#### TASK DIRECTIONS:
Begin at the top of the following data. Copy each line exactly until you have copied the line containing "Ann Taylor One Button Blazer in Linen".

#### DATA UNDER STUDY:
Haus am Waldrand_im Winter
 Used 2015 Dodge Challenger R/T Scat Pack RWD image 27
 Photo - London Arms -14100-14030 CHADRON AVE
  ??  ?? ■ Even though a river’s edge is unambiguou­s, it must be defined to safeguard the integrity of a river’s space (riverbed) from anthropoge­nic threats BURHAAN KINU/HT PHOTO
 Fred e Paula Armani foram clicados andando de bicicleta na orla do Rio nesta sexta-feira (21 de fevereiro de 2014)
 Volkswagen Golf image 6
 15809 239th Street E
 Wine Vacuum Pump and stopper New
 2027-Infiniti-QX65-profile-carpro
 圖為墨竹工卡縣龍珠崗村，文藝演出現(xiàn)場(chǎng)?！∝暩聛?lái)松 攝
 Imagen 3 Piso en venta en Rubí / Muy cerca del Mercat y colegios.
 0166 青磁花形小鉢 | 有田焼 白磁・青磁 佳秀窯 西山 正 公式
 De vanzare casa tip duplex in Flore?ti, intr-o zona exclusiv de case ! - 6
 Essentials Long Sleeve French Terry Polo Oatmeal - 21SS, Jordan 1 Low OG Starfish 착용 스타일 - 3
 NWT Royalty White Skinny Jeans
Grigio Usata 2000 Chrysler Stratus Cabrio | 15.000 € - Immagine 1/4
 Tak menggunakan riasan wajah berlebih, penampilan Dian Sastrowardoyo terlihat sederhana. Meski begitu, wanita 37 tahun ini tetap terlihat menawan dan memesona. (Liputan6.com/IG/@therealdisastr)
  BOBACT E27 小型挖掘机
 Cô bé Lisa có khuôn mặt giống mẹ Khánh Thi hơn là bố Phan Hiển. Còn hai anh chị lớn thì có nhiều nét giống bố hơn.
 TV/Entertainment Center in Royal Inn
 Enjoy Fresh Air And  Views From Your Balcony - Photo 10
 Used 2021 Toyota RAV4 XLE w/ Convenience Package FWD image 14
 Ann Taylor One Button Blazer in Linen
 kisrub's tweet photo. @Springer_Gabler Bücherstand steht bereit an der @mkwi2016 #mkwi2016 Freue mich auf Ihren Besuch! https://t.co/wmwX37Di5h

#### SOLUTION:
Haus am Waldrand_im Winter
 Used 2015 Dodge Challenger R/T Scat Pack RWD image 27
 Photo - London Arms -14100-14030 CHADRON AVE
  ??  ?? ■ Even though a river’s edge is unambiguou­s, it must be defined to safeguard the integrity of a river’s space (riverbed) from anthropoge­nic threats BURHAAN KINU/HT PHOTO
 Fred e Paula Armani foram clicados andando de bicicleta na orla do Rio nesta sexta-feira (21 de fevereiro de 2014)
 Volkswagen Golf image 6
 15809 239th Street E
 Wine Vacuum Pump and stopper New
 2027-Infiniti-QX65-profile-carpro
 圖為墨竹工卡縣龍珠崗村，文藝演出現(xiàn)場(chǎng)?！∝暩聛?lái)松 攝
 Imagen 3 Piso en venta en Rubí / Muy cerca del Mercat y colegios.
 0166 青磁花形小鉢 | 有田焼 白磁・青磁 佳秀窯 西山 正 公式
 De vanzare casa tip duplex in Flore?ti, intr-o zona exclusiv de case ! - 6
 Essentials Long Sleeve French Terry Polo Oatmeal - 21SS, Jordan 1 Low OG Starfish 착용 스타일 - 3
 NWT Royalty White Skinny Jeans
Grigio Usata 2000 Chrysler Stratus Cabrio | 15.000 € - Immagine 1/4
 Tak menggunakan riasan wajah berlebih, penampilan Dian Sastrowardoyo terlihat sederhana. Meski begitu, wanita 37 tahun ini tetap terlihat menawan dan memesona. (Liputan6.com/IG/@therealdisastr)
  BOBACT E27 小型挖掘机
 Cô bé Lisa có khuôn mặt giống mẹ Khánh Thi hơn là bố Phan Hiển. Còn hai anh chị lớn thì có nhiều nét giống bố hơn.
 TV/Entertainment Center in Royal Inn
 Enjoy Fresh Air And  Views From Your Balcony - Photo 10
 Used 2021 Toyota RAV4 XLE w/ Convenience Package FWD image 14
 Ann Taylor One Button Blazer in Linen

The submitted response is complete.